This repo contains the Loan Approval Prediction project as part of my data science portfolio. This project is completed as part of the online hackathon organized by Analytics Vidhya. Evaluation metric of the hackathon is accuracy i.e. percentage of loan approval that is correctly predicted. After trying and testing 4 different algorithms, the best accuracy on the public leaderboard is achieved by Logistic Regression (0.7847), followed by RandomForest (0.7778) and XGBoost (0.7778), while Decision Tree performed the worst (0.6458).
This project covers the whole process from problem statement to model development and evaluation:
- Problem Statement
- Hypothesis Generation
- Data Collection
- Exploratory Data Analysis (EDA)
- Data Pre-processing
- Model Development and Evaluation
- Conclusion
"Dream Housing Finance company deals in all home loans. They have presence across all urban, semi urban and rural areas. Customer first apply for home loan after that company validates the customer eligibility for loan. Company wants to automate the loan eligibility process (real time) based on customer detail provided while filling online application form. These details are Gender, Marital Status, Education, Number of Dependents, Income, Loan Amount, Credit History and others. To automate this process, they have given a problem to identify the customers segments, those are eligible for loan amount so that they can specifically target these customers."
Loan prediction is a very common real-life problem that every retail bank faces in their lending operations. If the loan approval process is automated, it can save a lot of man hours and improve the speed of service to the customers. The increase in customer satisfaction and savings in operational costs are significant. However, the benefits can only be reaped if the bank has a robust model to accurately predict which customer's loan it should approve and which to reject, in order to minimize the risk of loan default.
This is a classification problem where we have to predict whether a loan will be approved or not.

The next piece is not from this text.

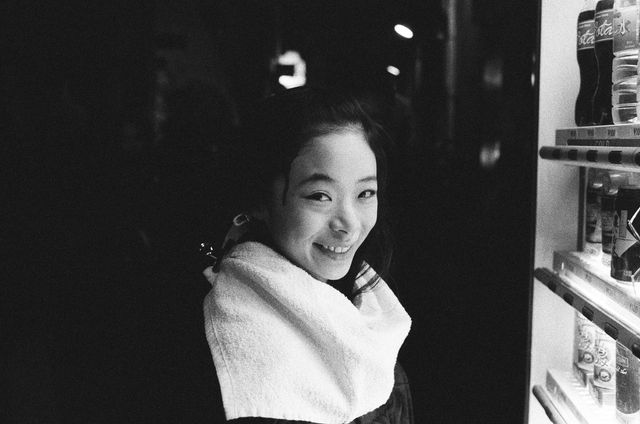 趣里＆菅田将暉をモノクロで撮影！映画『生きてるだけで、愛。』撮影現場写真【全4枚】：フォトギャラリー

Specifically, it is a binary classification problem where we have to predict either one of the two classes given i.e. approved (Y) or not approved (N). Another way to frame the problem is to predict whether the loan will likely to default or not, if it is likely to default, then the loan would not be approved, and vice versa. The dependent variable or target variable is the Loan_Status, while the rest are independent variable or features. We need to develop a model using the features to predict the target variable.